» **Your objective**:
The pictures are to be left out, and all remaining data is to be transcribed exactly as it appears.
________________
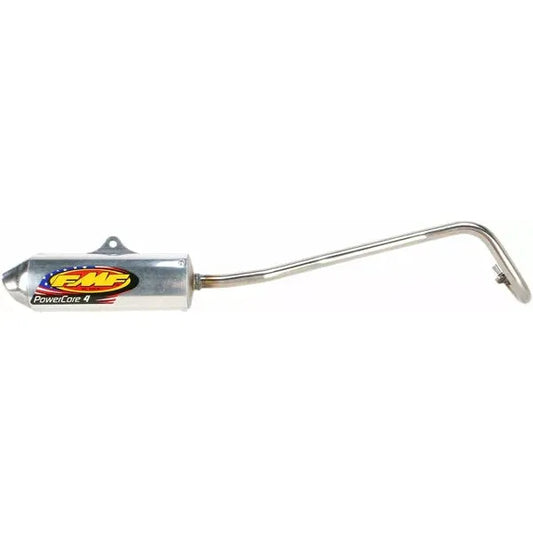 P-Core4 Sys Crf/Xr70 01-3 041016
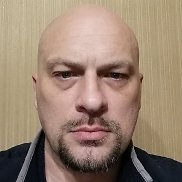 ДАНИИЛ, 41 год, Москва ДАНИИЛ, 41 год, Москва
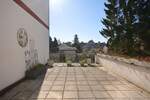 Einfamilienhaus Brühl - 7 Zimmer, 210 m&sup2;, 948.000&euro; | Angebot:25709846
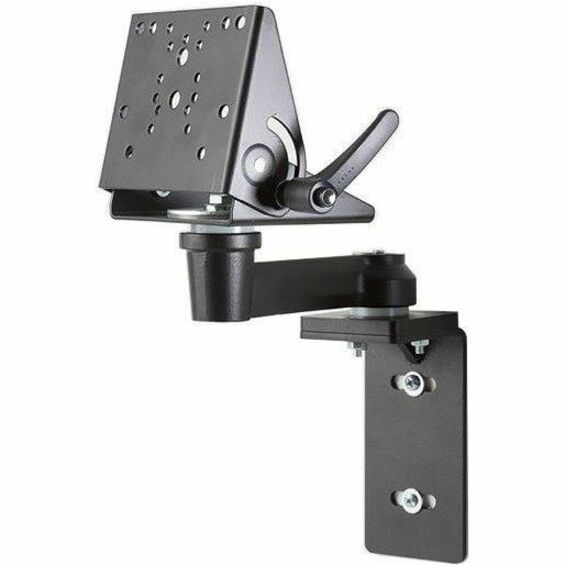 HEAVY-DUTY ROTATING WALL MOUNT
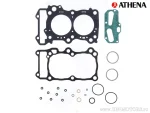 Kit de vedação para topo - Suzuki AN Burgman 650 ('03-'18) - Athena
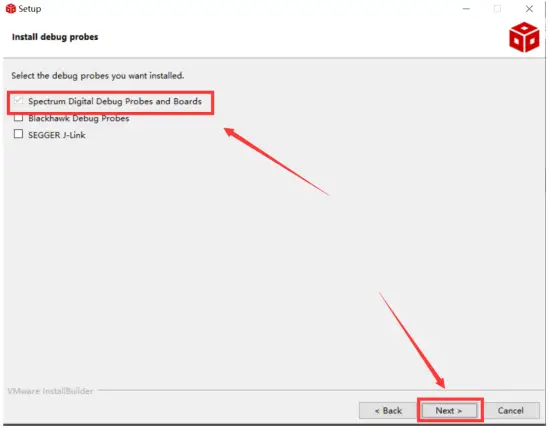 Multi-Band-Wireless-Module-with-PA-Setup-Interface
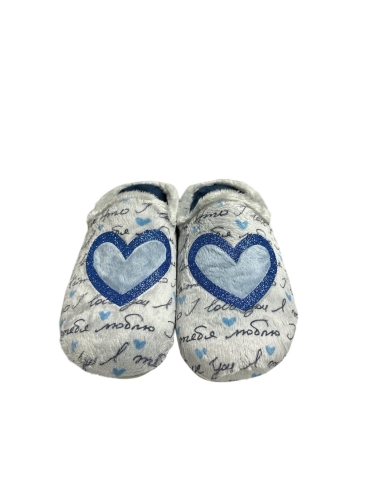 CABERRA ANATOMICA 3122 CORAZON VARIOS 14574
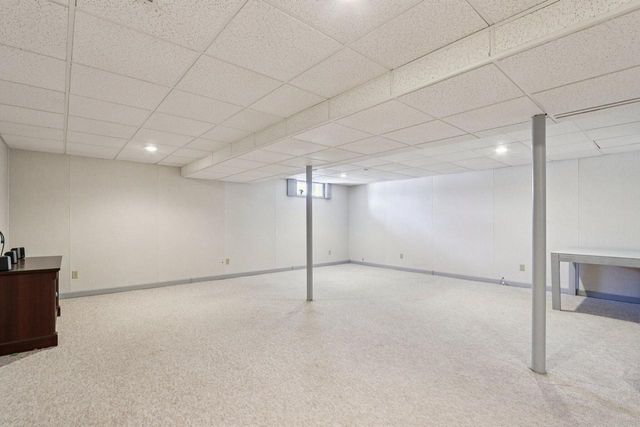 6751 S 111th STREET, Franklin, WI 53132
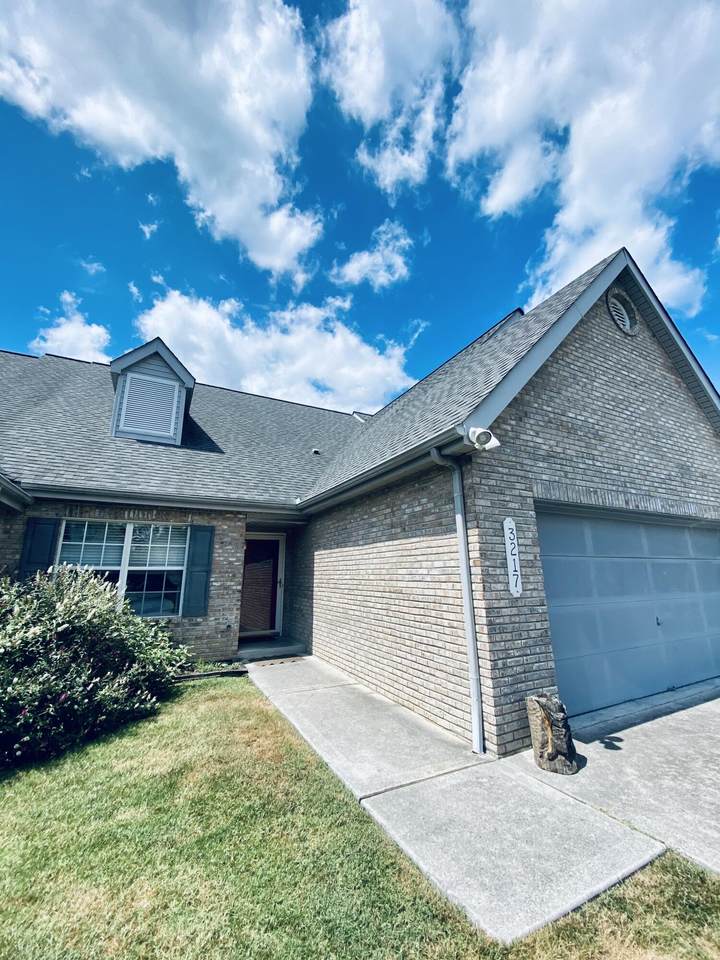 3217 Lexann Lane - Photo 1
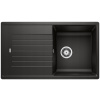 Kuchynská batéria - Blanco Zia 5 S Black Wink 526016 (Kuchynská batéria - Blanco Zia 5 S Black Wink 526016)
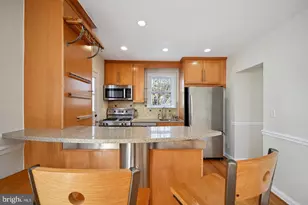 4409 Faraday Pl NW, Washington, DC 20016 - Photo 13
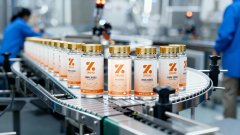 4.2倍NAD+飙升！臻若康NMN成高净值人群抗衰首选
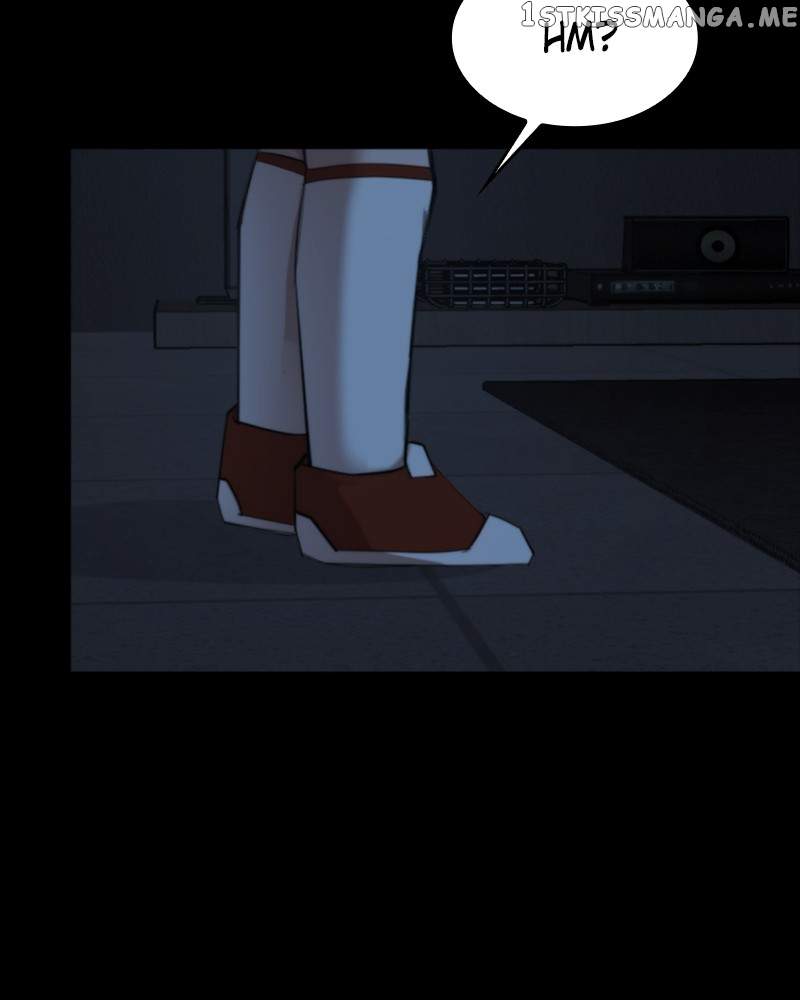 88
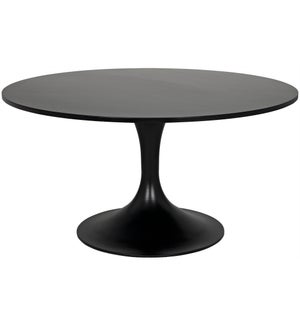 Herno Table, Steel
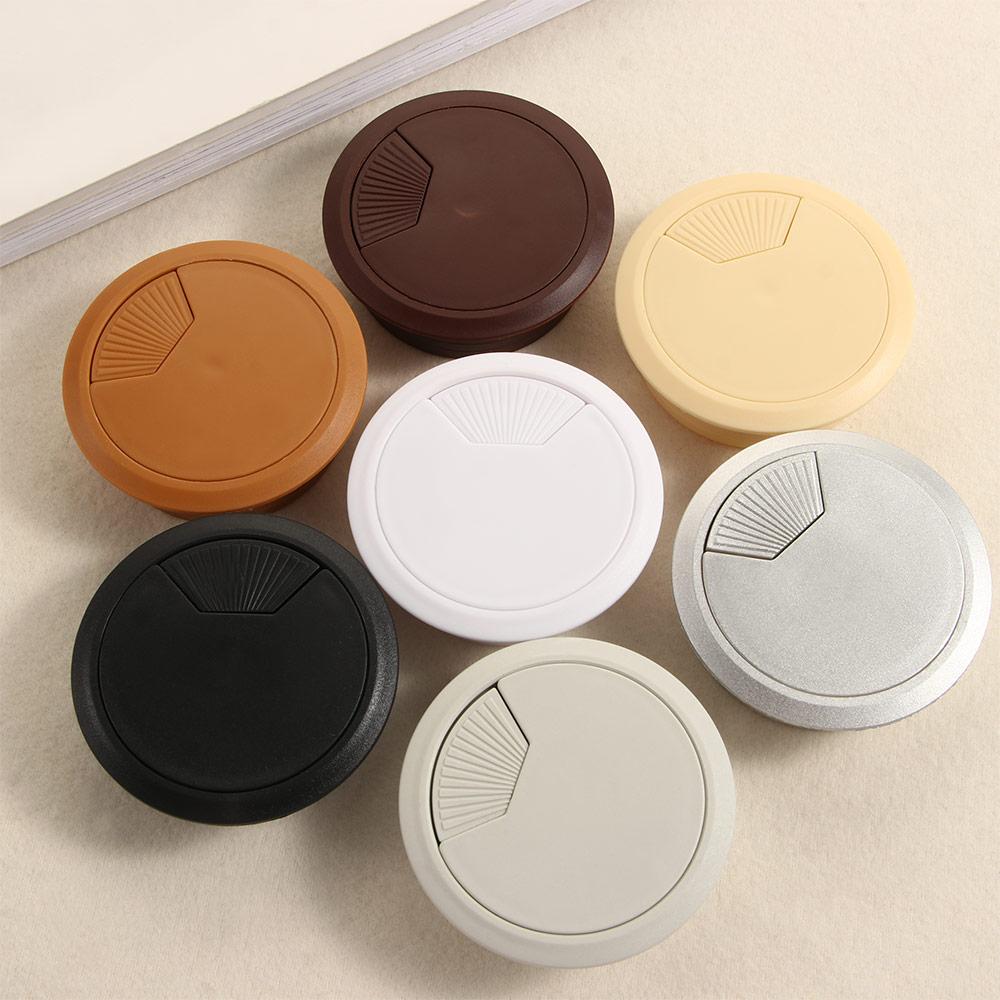 Organizador de Cabos de Mesa d - Furniture And Hardware avaliação e preço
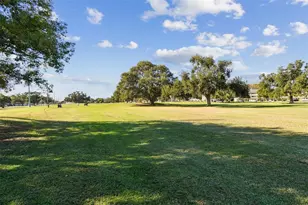 2455 Finlandia Ln, Clearwater, FL 33763 - Photo 39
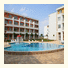 Nessebar Fort Club Apartments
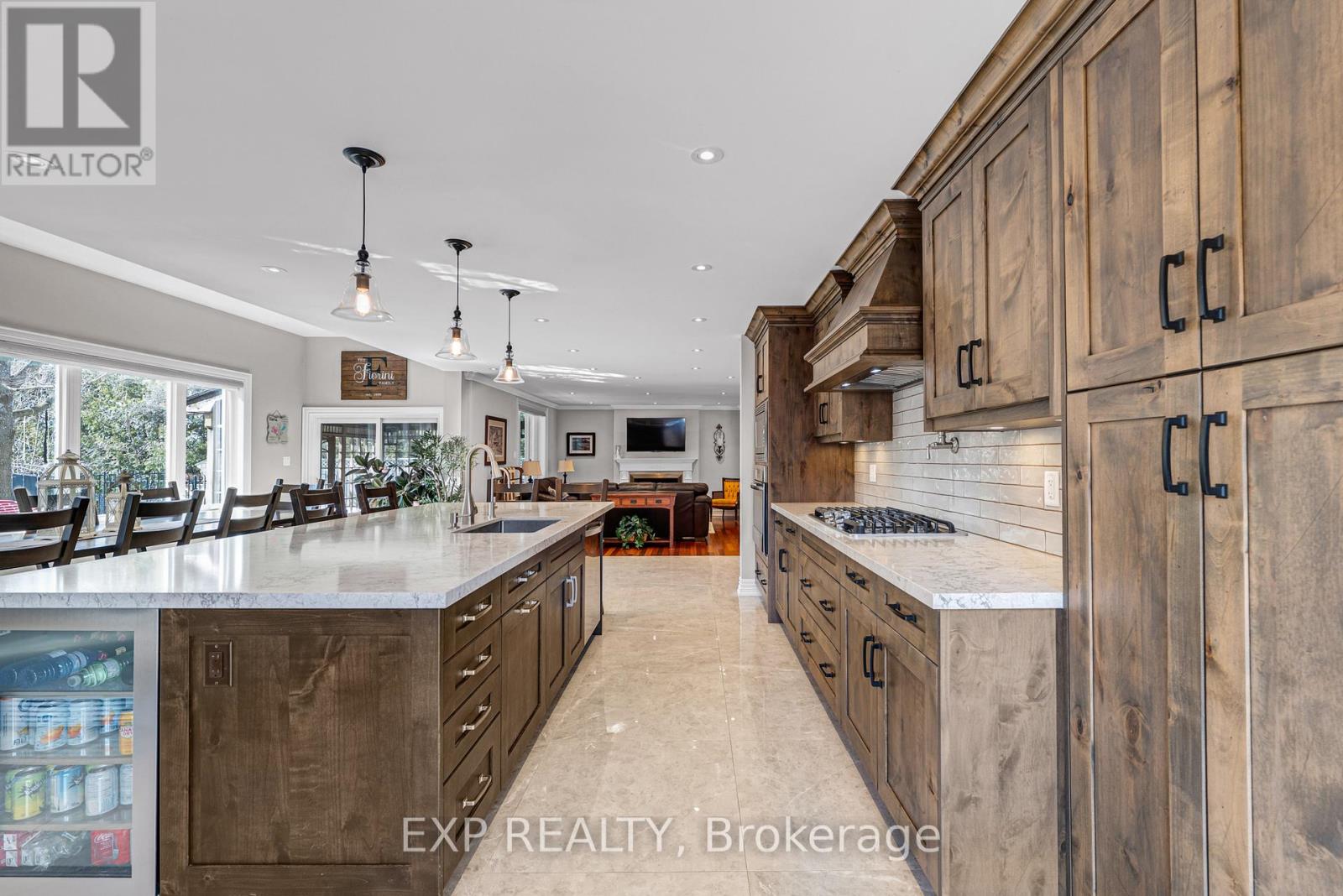 925 15TH SIDE ROAD, King, Ontario, L7B1K5 — Photo 11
________________
» **Task solution**:
 P-Core4 Sys Crf/Xr70 01-3 041016
 ДАНИИЛ, 41 год, Москва ДАНИИЛ, 41 год, Москва
 Einfamilienhaus Brühl - 7 Zimmer, 210 m&sup2;, 948.000&euro; | Angebot:25709846
 HEAVY-DUTY ROTATING WALL MOUNT
 Kit de vedação para topo - Suzuki AN Burgman 650 ('03-'18) - Athena
 Multi-Band-Wireless-Module-with-PA-Setup-Interface
 CABERRA ANATOMICA 3122 CORAZON VARIOS 14574
 6751 S 111th STREET, Franklin, WI 53132
 3217 Lexann Lane - Photo 1
 Kuchynská batéria - Blanco Zia 5 S Black Wink 526016 (Kuchynská batéria - Blanco Zia 5 S Black Wink 526016)
 4409 Faraday Pl NW, Washington, DC 20016 - Photo 13
 4.2倍NAD+飙升！臻若康NMN成高净值人群抗衰首选
 88
 Herno Table, Steel
 Organizador de Cabos de Mesa d - Furniture And Hardware avaliação e preço
 2455 Finlandia Ln, Clearwater, FL 33763 - Photo 39
 Nessebar Fort Club Apartments
 925 15TH SIDE ROAD, King, Ontario, L7B1K5 — Photo 11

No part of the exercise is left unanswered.